Write the name and source of your dataset:
- `wage1` from Wooldridge (micro, individual wages),
- or WDI (World Bank) with specific indicator codes,
- or OECD / WIPO dataset (specify which one and for which years / countries),

Briefly explain why this dataset is relevant for the economics of innovation: Does it measure R&D, human capital, technology adoption, productivity, inequality, etc.? (Short paragraph, 5–10 lines.)

### 3.2 First look

Import and inspect the data:

1. Import your dataset into a pandas DataFrame.
2. Show:
- `df.shape`
- `df.head()`
- `df.describe()`
- etc.

 You'll sepcify here the unit of observation (individual, firm, region, country-year, etc.) and the time dimension (cross-section vs panel vs time series) of the most relevant variables. Here you may answer these questions What does one row represent? What is the time coverage (if any)? How many observations and variables? (Short paragraph, 5-10 lines)
 
### 3.4 Key variables

Select 3–5 key variables that are meaningful for innovation economics: (1) innovation inputs (R&D expenditure, number of researchers, education, training), (2) innovation outputs (patents, productivity, wages, high-tech exports.), and (3) context variables (sector, country, firm size, age, etc.), etc.

For each of these variables, compute basic descriptive statistics including the mean, the median, the standard deviation, the min, and the max. You can also present percentiles (25%, 75%) if relevant. Here, an histogram, a bar chart or a time series plot can help undestand what your data represent.
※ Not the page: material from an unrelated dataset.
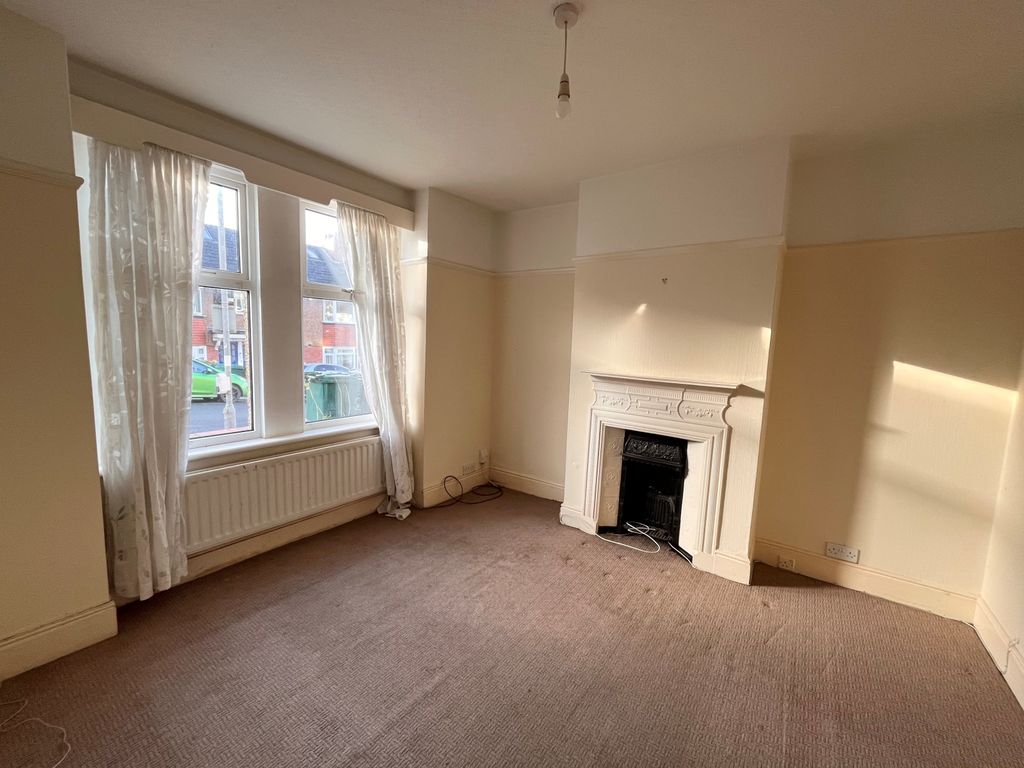 Property photo 2 of 14 Lounge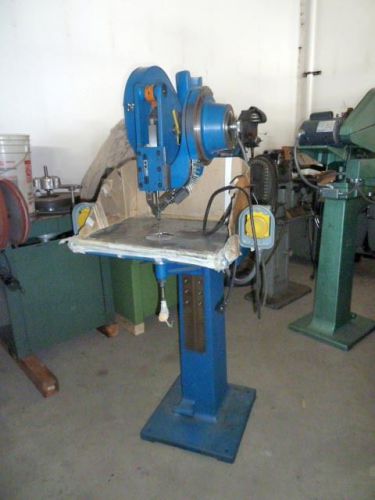 Chicago Rivet Machine Model 912 Year of Mfg. 2000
For each key variable, comment briefly:
- Is the distribution skewed, concentrated, bimodal, etc.?
- What does this suggest in terms of inequality, concentration of innovation, or innovation systems?
- Can you identify any stylized facts (e.g. richer countries invest more in R&D; more educated individuals earn higher wages; certain sectors are more R&D intensive)?

Try to use at least two concepts from the course (e.g. “national innovation system”, “absorptive capacity”, “cumulative innovation”, “skill-biased technical change”, etc.).

**Note:** I expect you to write and not just paste something from ChatGPT. ChatGPT can be useful but you have to check consistency.

## 4. A simple OLS (optionnal)

### 4.1 Find a simple linear relationship

Choose an outcome variable and one or two explanatory variables, for example, high-tech exports that would be “explained” by R&D and GDP, a company's productivity by its R&D, or salary by level of education and experience. This is the same as writing an econometric model in equation form:
$$
y_i = \beta_0 + \beta_1i x_1i + u_i
$$

and, based on the theory, explain in words:
- what is $y_i$,
- what is $x_1i$,
- what sign you expect for $\beta_1$.

### 4.2 Estimate the model

Run a simple OLS regression (e.g. using `statsmodels`):

In [None]:
import statsmodels.api as sm

X = df[["your_explanatory_variable"]]  # or several variables
X = sm.add_constant(X)
y = df["your_outcome_variable"]

model = sm.OLS(y, X, missing='drop').fit()
print(model.summary())

### 4.3 Interpret the coefficient

Interpret the sign and magnitude of $\hat{\beta_1}$ in economic terms (not “it is significant at 5%” only), and comment on the standard error and the t-statistic:
- Do you reject the null $H_0:\beta_1=0$ at 5%?
- Does this result make sense given the theory we saw in course?

### 4.4 To go further

Discuss at least 3 limitations of your model:
- Is the sample size large enough?
- Are there missing variables that might bias the relationship?
- Are there measurement issues (e.g., patents as imperfect measure of innovation)?
- Is the dataset old or not representative of current innovation dynamics?
- Could reverse causality be an issue?

If you could extend this analysis, which extra variables or datasets would you like to add (e.g. merge with another indicator, add a sector breakdown, etc.)?

Which course concept would you like to explore further with more data (e.g. regional convergence in innovation, university–industry links, digital vs non-digital sectors, green innovation, etc.)?